* Task inputs:
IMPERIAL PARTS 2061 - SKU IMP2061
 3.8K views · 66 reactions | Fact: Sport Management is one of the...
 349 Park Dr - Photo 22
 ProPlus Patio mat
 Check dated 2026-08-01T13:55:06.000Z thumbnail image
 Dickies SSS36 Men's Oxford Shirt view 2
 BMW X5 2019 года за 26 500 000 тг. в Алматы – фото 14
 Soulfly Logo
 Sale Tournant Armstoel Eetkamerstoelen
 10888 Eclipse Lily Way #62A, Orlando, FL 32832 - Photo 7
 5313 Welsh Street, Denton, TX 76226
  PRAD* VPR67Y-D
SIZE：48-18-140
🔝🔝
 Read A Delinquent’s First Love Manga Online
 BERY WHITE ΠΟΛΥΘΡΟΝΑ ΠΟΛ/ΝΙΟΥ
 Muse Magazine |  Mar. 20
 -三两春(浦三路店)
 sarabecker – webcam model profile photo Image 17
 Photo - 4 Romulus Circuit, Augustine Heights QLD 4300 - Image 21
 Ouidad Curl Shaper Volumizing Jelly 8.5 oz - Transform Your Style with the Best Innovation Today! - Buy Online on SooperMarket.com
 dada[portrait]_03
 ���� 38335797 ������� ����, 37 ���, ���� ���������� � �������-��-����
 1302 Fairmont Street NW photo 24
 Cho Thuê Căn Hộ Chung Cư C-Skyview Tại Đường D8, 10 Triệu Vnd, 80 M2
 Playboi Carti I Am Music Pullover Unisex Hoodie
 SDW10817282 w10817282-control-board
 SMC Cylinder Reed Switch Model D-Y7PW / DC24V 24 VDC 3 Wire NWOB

* Work required: Restate all of the entries exactly, please.

* Output for this task:
IMPERIAL PARTS 2061 - SKU IMP2061
 3.8K views · 66 reactions | Fact: Sport Management is one of the...
 349 Park Dr - Photo 22
 ProPlus Patio mat
 Check dated 2026-08-01T13:55:06.000Z thumbnail image
 Dickies SSS36 Men's Oxford Shirt view 2
 BMW X5 2019 года за 26 500 000 тг. в Алматы – фото 14
 Soulfly Logo
 Sale Tournant Armstoel Eetkamerstoelen
 10888 Eclipse Lily Way #62A, Orlando, FL 32832 - Photo 7
 5313 Welsh Street, Denton, TX 76226
  PRAD* VPR67Y-D
SIZE：48-18-140
🔝🔝
 Read A Delinquent’s First Love Manga Online
 BERY WHITE ΠΟΛΥΘΡΟΝΑ ΠΟΛ/ΝΙΟΥ
 Muse Magazine |  Mar. 20
 -三两春(浦三路店)
 sarabecker – webcam model profile photo Image 17
 Photo - 4 Romulus Circuit, Augustine Heights QLD 4300 - Image 21
 Ouidad Curl Shaper Volumizing Jelly 8.5 oz - Transform Your Style with the Best Innovation Today! - Buy Online on SooperMarket.com
 dada[portrait]_03
 ���� 38335797 ������� ����, 37 ���, ���� ���������� � �������-��-����
 1302 Fairmont Street NW photo 24
 Cho Thuê Căn Hộ Chung Cư C-Skyview Tại Đường D8, 10 Triệu Vnd, 80 M2
 Playboi Carti I Am Music Pullover Unisex Hoodie
 SDW10817282 w10817282-control-board
 SMC Cylinder Reed Switch Model D-Y7PW / DC24V 24 VDC 3 Wire NWOB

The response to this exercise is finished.